I would say there is definitely significance in this great work from Tolstoy. Do not be put off by the way that it is regarded by contemporary culture today. The fact that it is still read and still set as a kind of literary milestone (in the same way that reading Ulysses by James Joyce is) indicates its importance and value. Tolstoy is an amazing writer and this book is certainly no exception.
One point of significance to War and Peace is Tolstoy's brilliant study of human nature as found in Russia in the 1800s, which is, by extension, a study of elements of universal human nature. Of course, one of the marks of great literature is that it reveals differences between cultures and individuals existing between eras that overlay the universal similarities equally revealed.
I'd like to offer a suggestion here that is similar to suggestions I've offered to similar questions about the relevance of literary works: The major relevance of a literary work depends on how well that work is written. Apparently Tolstoy's novel was so well written that for generations people around the world (but especially in Russia, sinces the Russians could appreciate the true power of its language) considered it very much worth reading. If it was artistically compelling then, there is a presumption that it can still be artistically compelling, although only time will tell.

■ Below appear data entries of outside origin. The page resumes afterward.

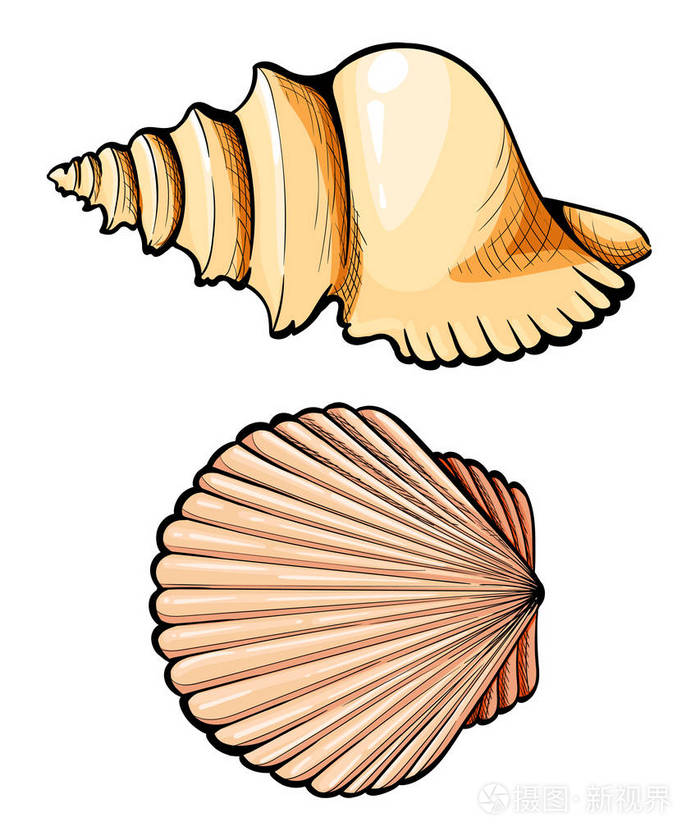 手绘集的海贝壳, 珊瑚, 螃蟹, 虾和章鱼.矢量黑色雕刻过时的插图.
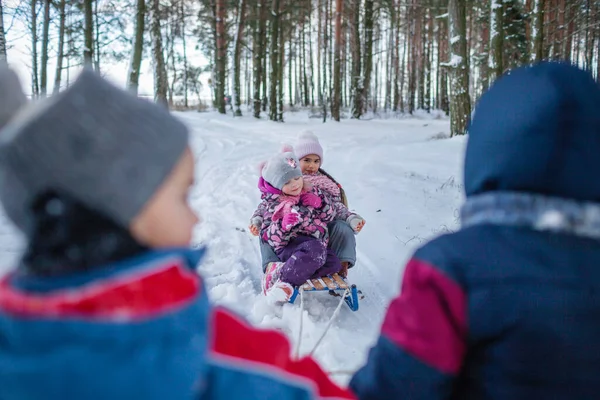 Vänner har kul i underlandet, små pojkar drar en släde med systrar över vinterskogen — Stockfoto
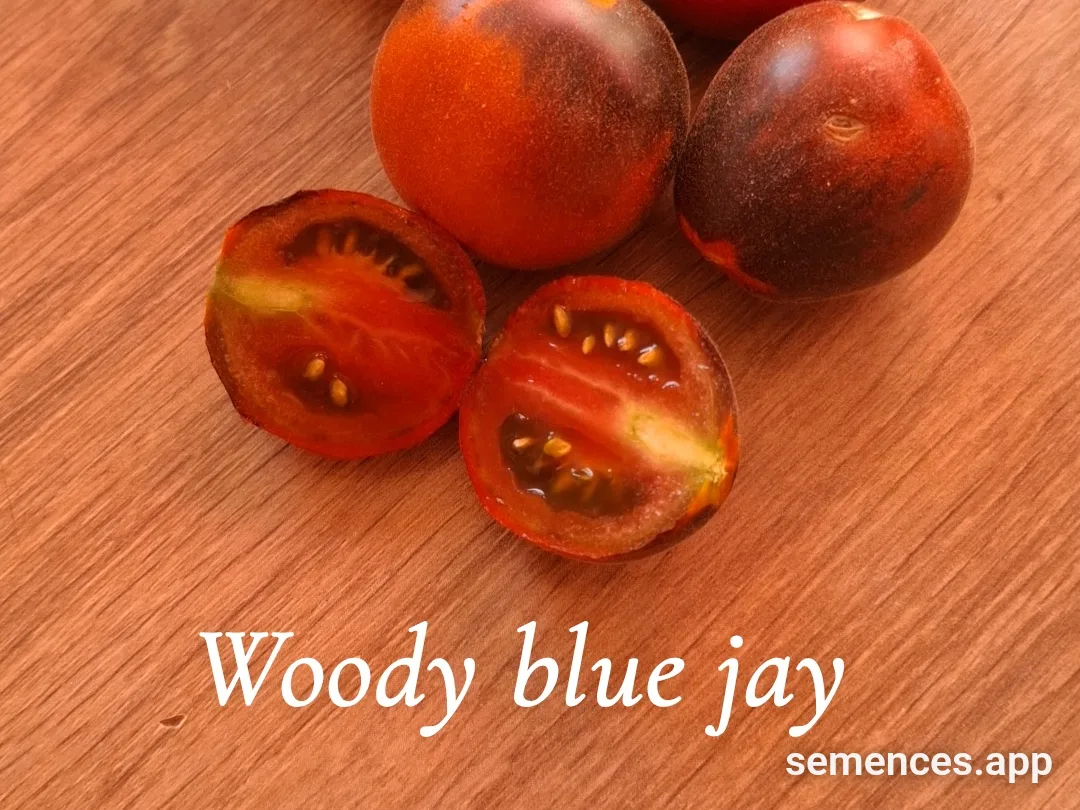 Graines de Woody blue jay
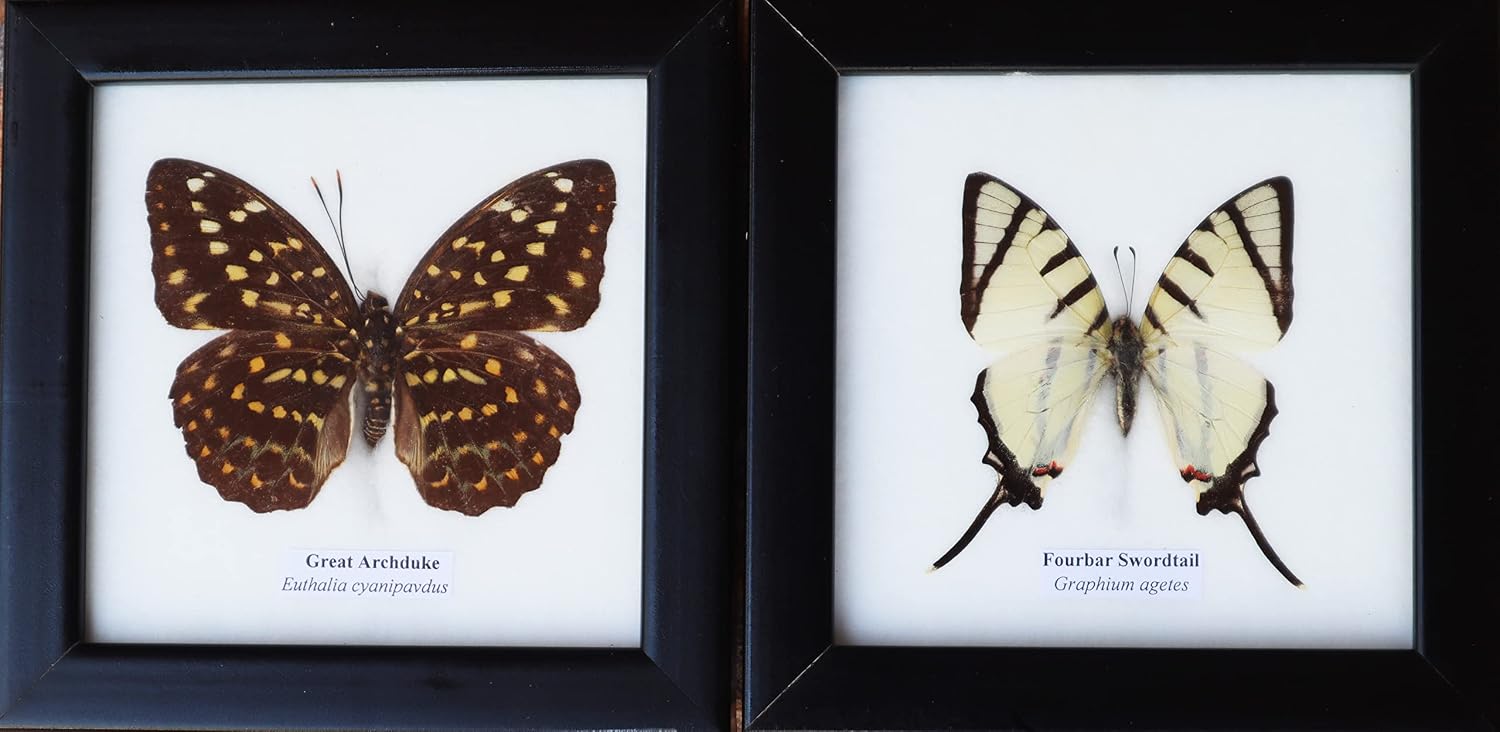 ThaiHonest Real 2 Great Archduke And FourBar Swordtail Butterfly Wooden Frame Glass Front Display Insect Taxidermy Wall Art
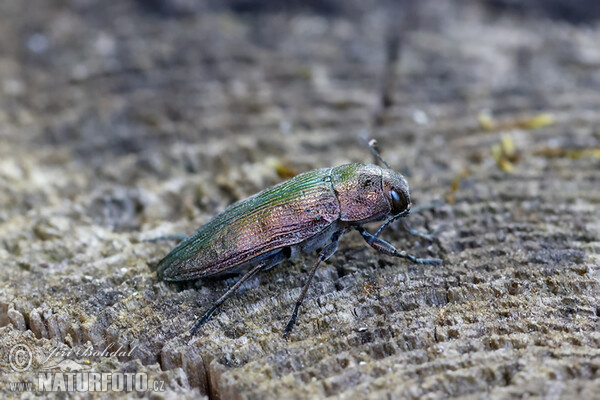 Krasec lesní (Buprestis rustica)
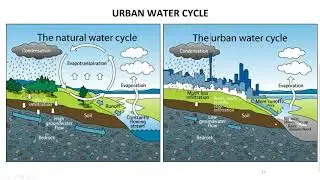 HE05 03   Environmental Issues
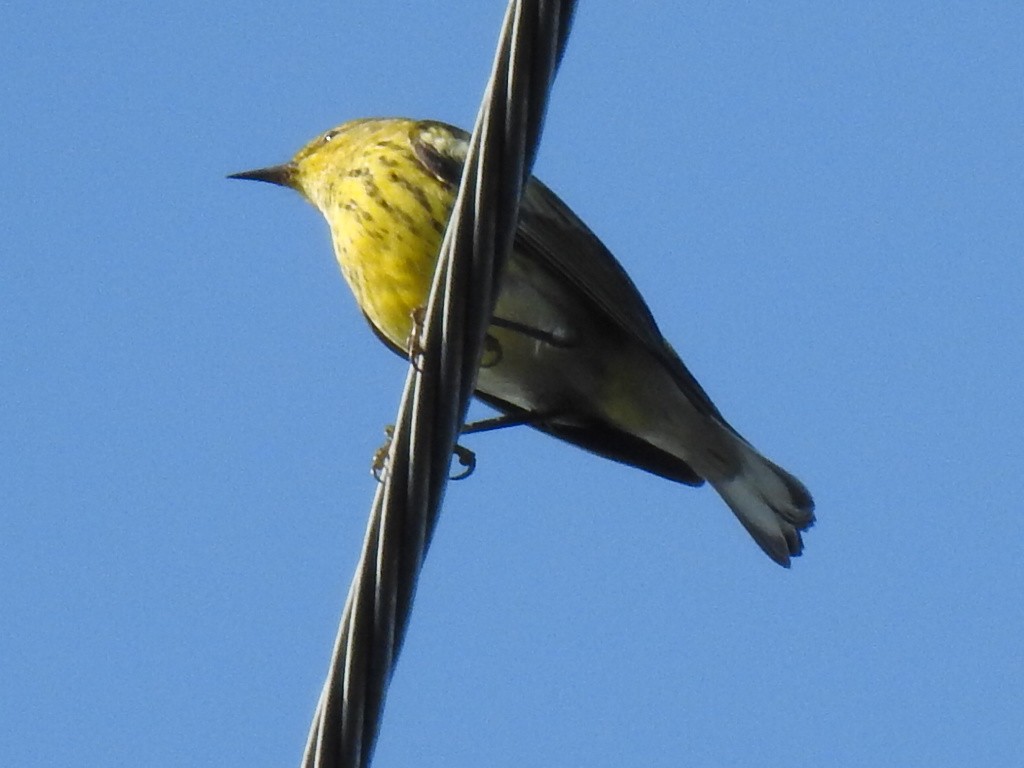 Cape May Warbler - ML608517770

Certainly the opening sentence of the novel is compelling and creates all kinds of curiosity about the speaker and situation and all sorts of suspense about the events described:
"Well, Prince, so Genoa and Lucca are now just family estates of the Buonapartes. But I warn you, if you don't tell me that this means war, if you still try to defend the infamies and horrors perpetrated by that Antichrist- I really believe he is Antichrist- I will have nothing more to do with you and you are no longer my friend, no longer my 'faithful slave,' as you call yourself! But how do you do? I see I have frightened you- sit down and tell me all the news."